● **Recorded information**:
================

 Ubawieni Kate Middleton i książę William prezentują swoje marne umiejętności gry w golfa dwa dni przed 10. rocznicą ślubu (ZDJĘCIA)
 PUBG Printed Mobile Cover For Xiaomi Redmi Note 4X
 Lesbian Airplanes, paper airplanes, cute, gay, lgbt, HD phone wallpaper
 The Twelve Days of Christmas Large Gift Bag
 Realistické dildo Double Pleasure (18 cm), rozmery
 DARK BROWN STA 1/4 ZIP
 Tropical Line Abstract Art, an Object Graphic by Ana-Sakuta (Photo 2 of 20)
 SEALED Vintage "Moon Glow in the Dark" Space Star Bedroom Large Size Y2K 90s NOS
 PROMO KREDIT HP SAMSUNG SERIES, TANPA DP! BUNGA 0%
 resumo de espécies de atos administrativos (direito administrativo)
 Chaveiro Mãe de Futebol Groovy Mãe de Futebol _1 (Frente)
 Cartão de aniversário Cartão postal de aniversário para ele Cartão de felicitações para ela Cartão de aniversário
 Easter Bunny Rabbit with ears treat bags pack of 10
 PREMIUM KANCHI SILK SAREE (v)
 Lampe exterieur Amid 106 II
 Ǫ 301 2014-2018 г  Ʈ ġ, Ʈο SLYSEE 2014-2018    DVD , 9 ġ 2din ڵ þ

================

● **What this task involves**: Repeat the line containing "Tropical Line Abstract" and all subsequent lines through the final line of the data, exactly and with no others.

● **Solution to the problem**:
 Tropical Line Abstract Art, an Object Graphic by Ana-Sakuta (Photo 2 of 20)
 SEALED Vintage "Moon Glow in the Dark" Space Star Bedroom Large Size Y2K 90s NOS
 PROMO KREDIT HP SAMSUNG SERIES, TANPA DP! BUNGA 0%
 resumo de espécies de atos administrativos (direito administrativo)
 Chaveiro Mãe de Futebol Groovy Mãe de Futebol _1 (Frente)
 Cartão de aniversário Cartão postal de aniversário para ele Cartão de felicitações para ela Cartão de aniversário
 Easter Bunny Rabbit with ears treat bags pack of 10
 PREMIUM KANCHI SILK SAREE (v)
 Lampe exterieur Amid 106 II
 Ǫ 301 2014-2018 г  Ʈ ġ, Ʈο SLYSEE 2014-2018    DVD , 9 ġ 2din ڵ þ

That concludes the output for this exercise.